To further explore the functional implications of the proteins only identified in the infected samples and not found in the control samples, as well as their combinations, we conducted a GO annotation and a KEGG pathway enrichment analysis. These analyses aimed to elucidate the biological processes, molecular functions, cellular components and pathways associated with the proteome dataset. Regarding enriched biological processes, we identified proteins associated with female pregnancy, heterophilic cell-cell adhesion via plasma membrane, cell adhesion molecules, proteolysis, blood coagulation and regulation of the immune response system, among others ( Figures 4A–C ). Moreover, the analysis revealed significant enrichment in cellular components related to extracellular exosomes, extracellular region, extracellular space, cell surface, and plasma membrane. This suggests a strong presence of proteins involved in extracellular communication through extracellular vesicles. The molecular function enrichment highlighted that many proteins in this dataset are involved in protein tyrosine kinase binding, serine-type endopeptidase activity and calcium ion binding. Finally, the two most prominent KEGG pathways identified were the complement and coagulation cascades and the renin-angiotensin system ( Figure 4D ). Details on detected proteins in patients with Plasmodium and/or STH infections are shown in Tables 3 and 4 .

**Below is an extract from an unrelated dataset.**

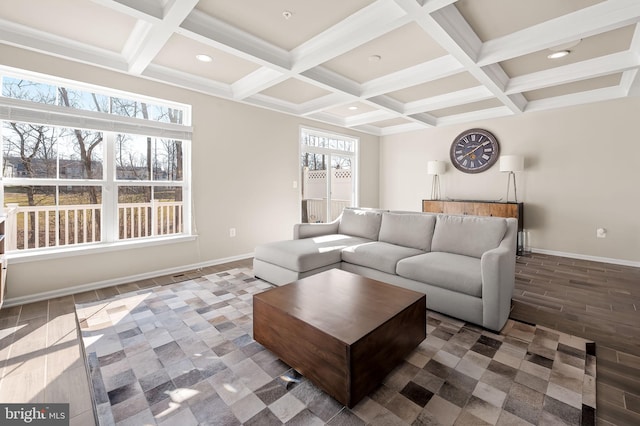 living room featuring beamed ceiling, plenty of natural light, and coffered ceiling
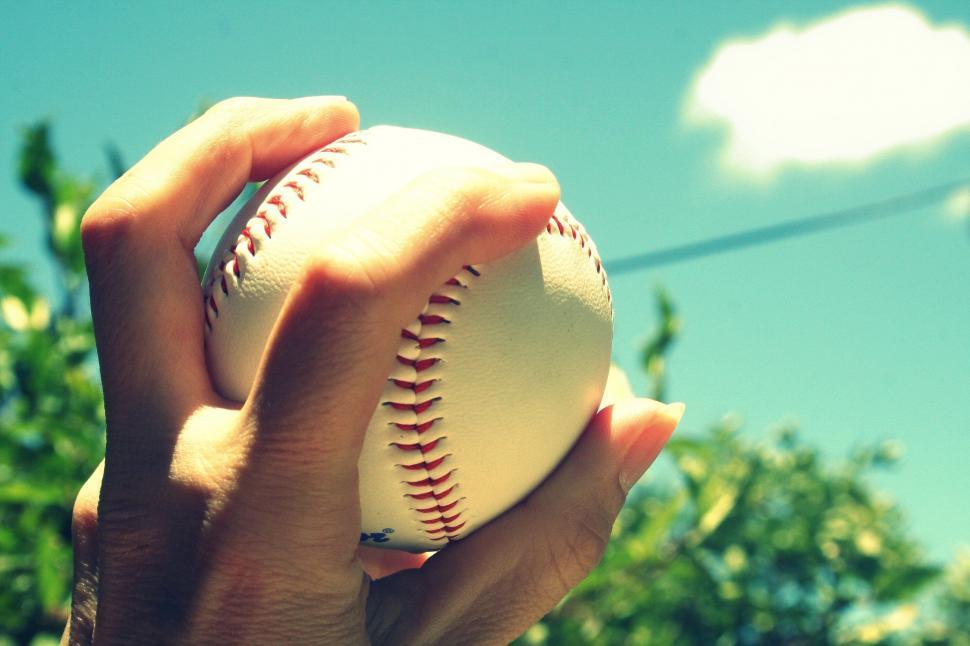 Free Image of Hand holding baseball against sky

Finally, the analysis of the data obtained from LC-MS with the Proteome Discoverer v2.5 software, resulted in the identification, with high confidence, of six proteins of P. vivax in the EVs from pregnant women infected only with malaria parasites (group P); 15 proteins of T. trichiura, and one protein of N. americanus ( Tables 3 and 4 ) in the EVs from pregnant women infected only with STH (group G). Unexpectedly, parasite proteins were not identified in the group of coinfected pregnant women (group PG).